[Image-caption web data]
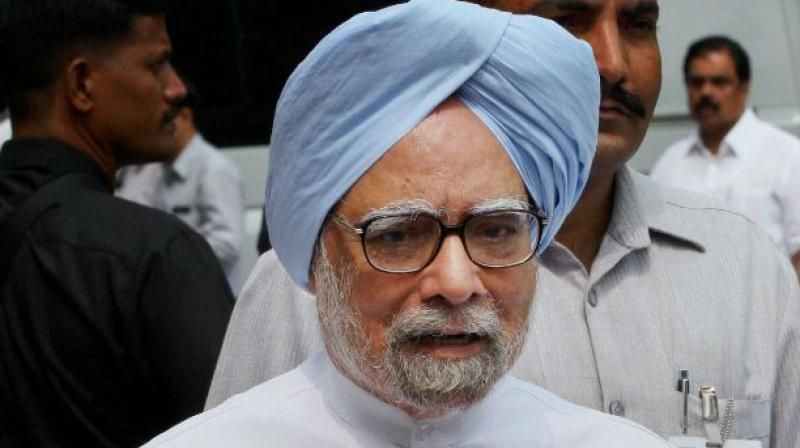 Former prime ministers Manmohan Singh visited Vajpayee at the AIIMS
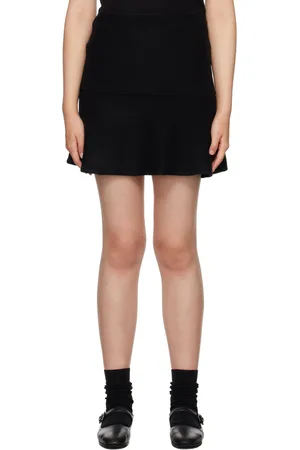 Lisa Yang Black 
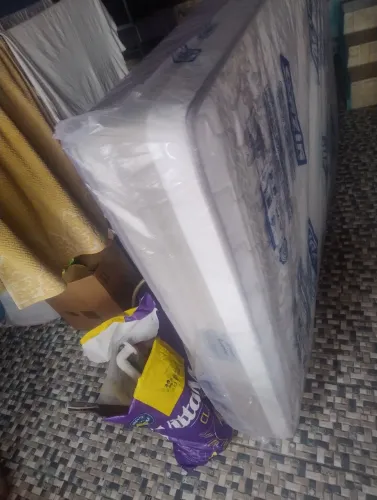 Vendo colchão de casal de molas ensacada 
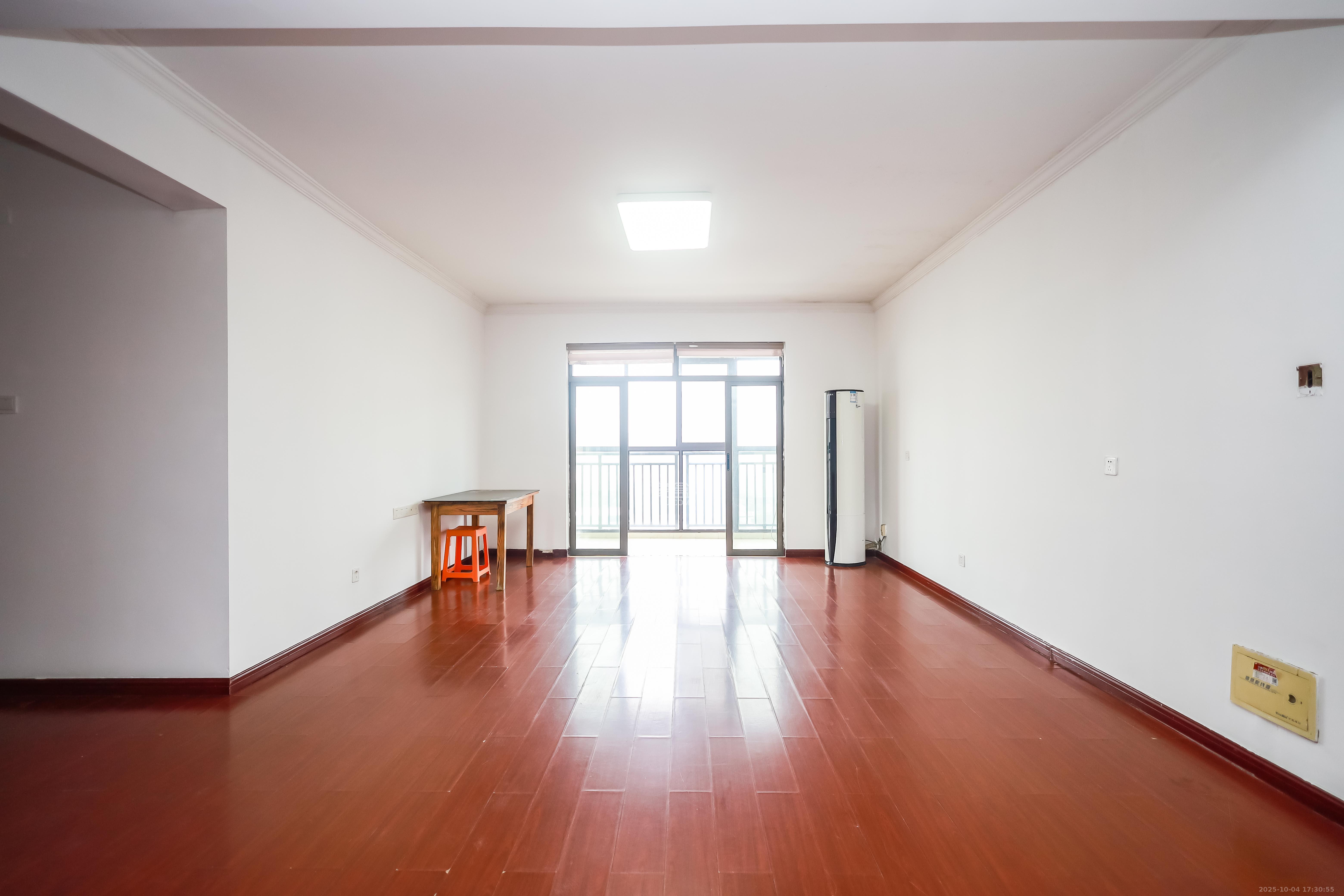 阳光晶城 4室2厅2卫 118.0万 阳光晶城 4室2厅2卫 118.0万客厅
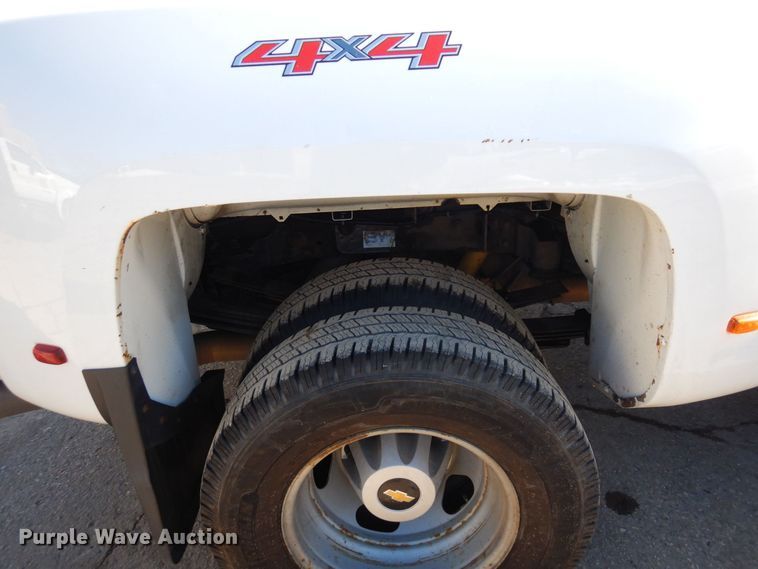 image for item KU9746 2016 Chevrolet Silverado 3500HD  Crew Cab pickup truck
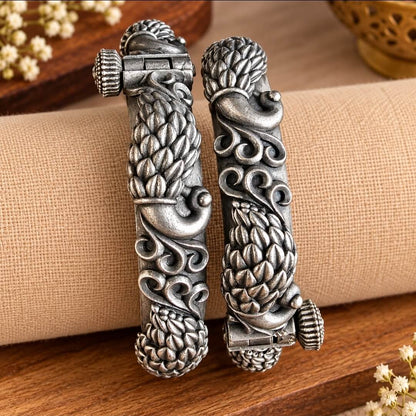 Oxidised Silver Openable Bangle | Adjustable Size 2.4–2.8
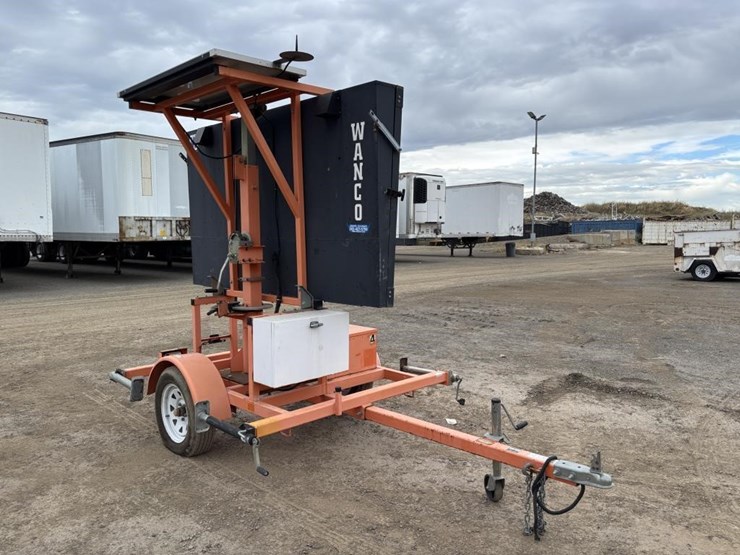 2008-wanco-s/a-towable-message-board-image-2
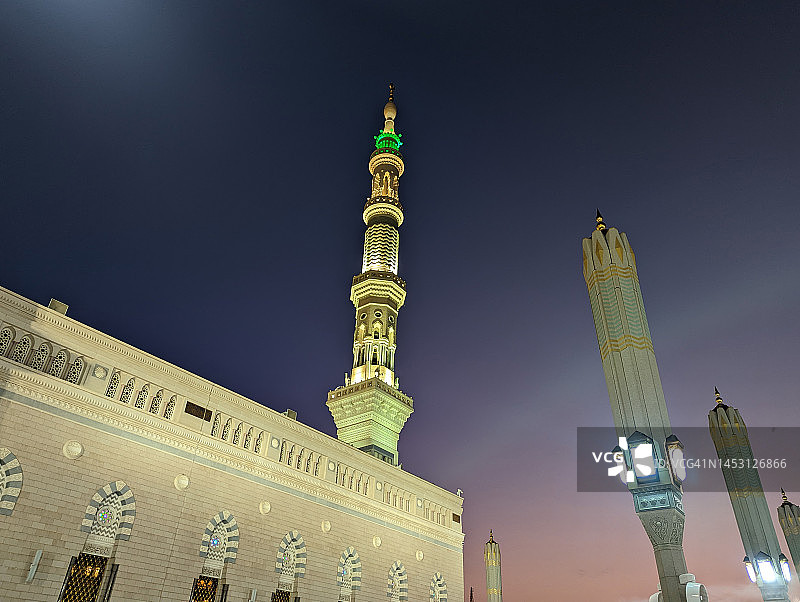 麦地那先知清真寺黎明景色：拱门建筑设计图片素材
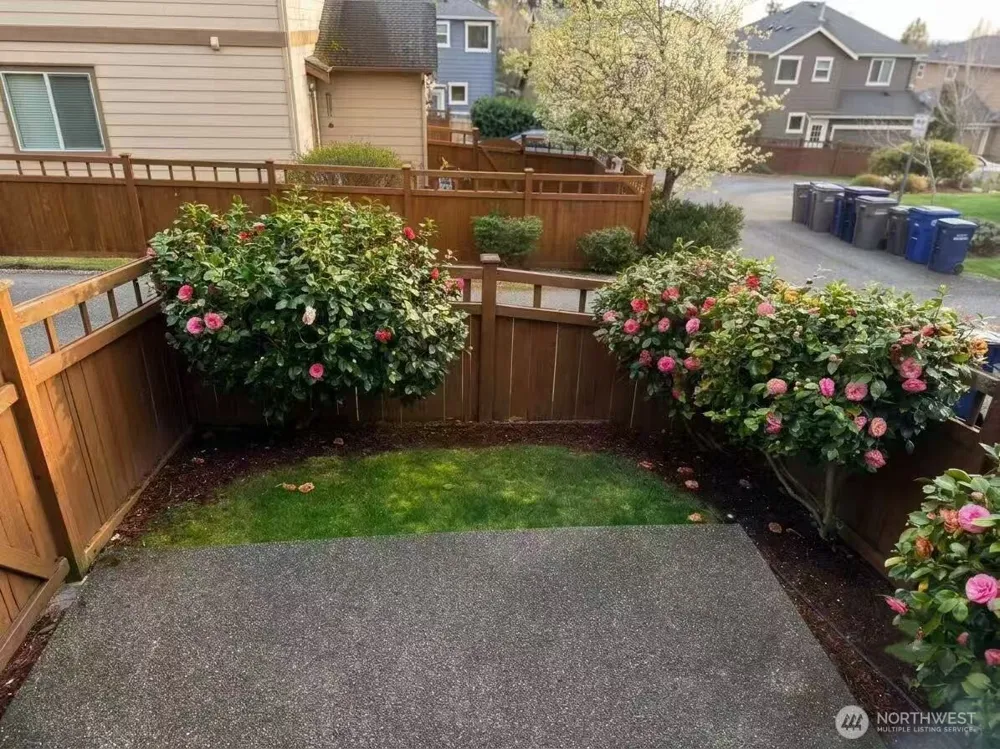 1919 25th Avenue NE Issaquah, WA 98029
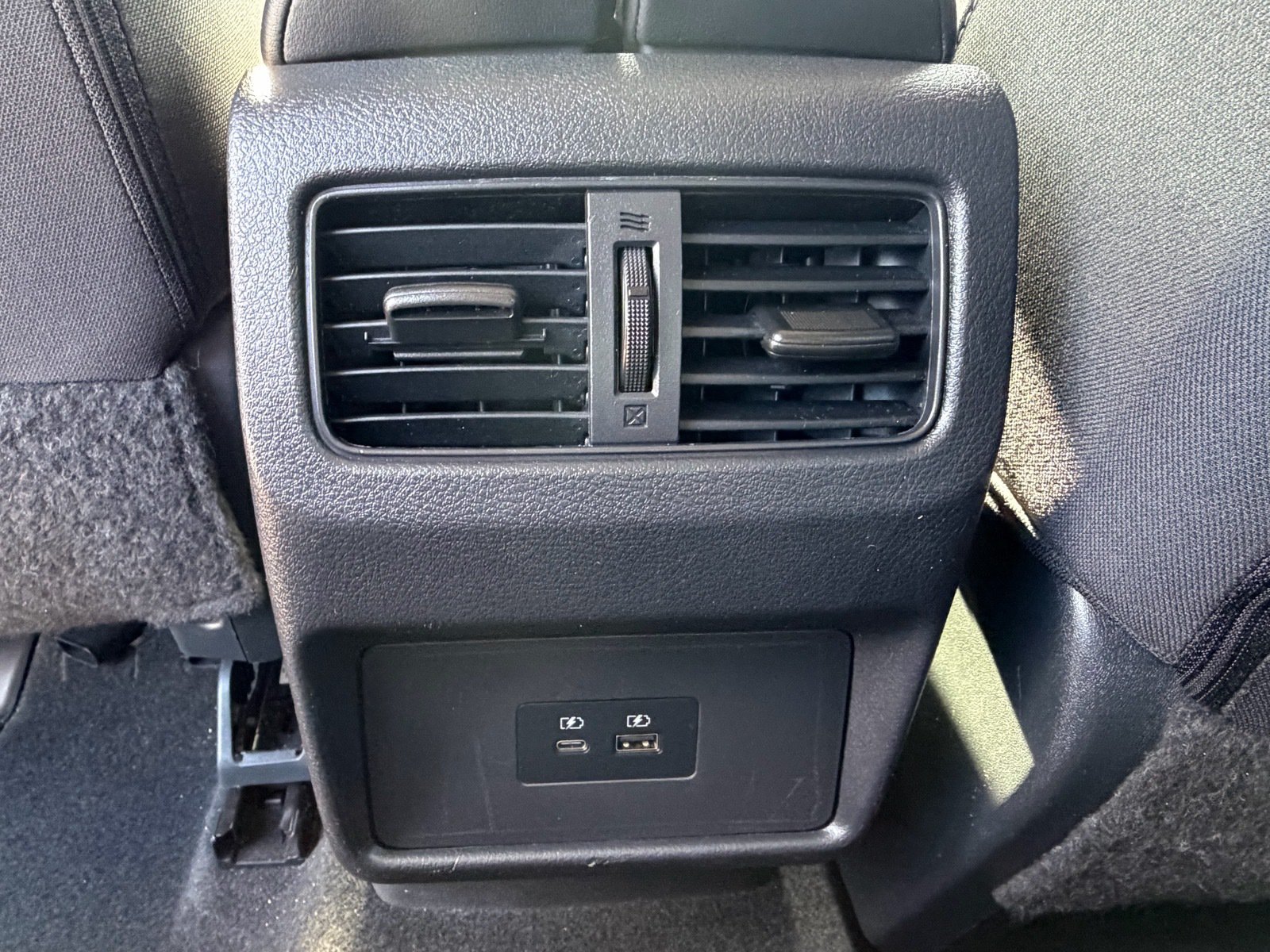 Certified 2022 Nissan Rogue SV FWD image 15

WHAT THIS TASK INVOLVES – The response should be the lines from the one containing "Lisa Yang Black" through the final line of the records, reproduced exactly and with every picture left out.

EXERCISE OUTPUT –
 Lisa Yang Black 
 Vendo colchão de casal de molas ensacada 
 阳光晶城 4室2厅2卫 118.0万 阳光晶城 4室2厅2卫 118.0万客厅
 image for item KU9746 2016 Chevrolet Silverado 3500HD  Crew Cab pickup truck
 Oxidised Silver Openable Bangle | Adjustable Size 2.4–2.8
 2008-wanco-s/a-towable-message-board-image-2
 麦地那先知清真寺黎明景色：拱门建筑设计图片素材
 1919 25th Avenue NE Issaquah, WA 98029
 Certified 2022 Nissan Rogue SV FWD image 15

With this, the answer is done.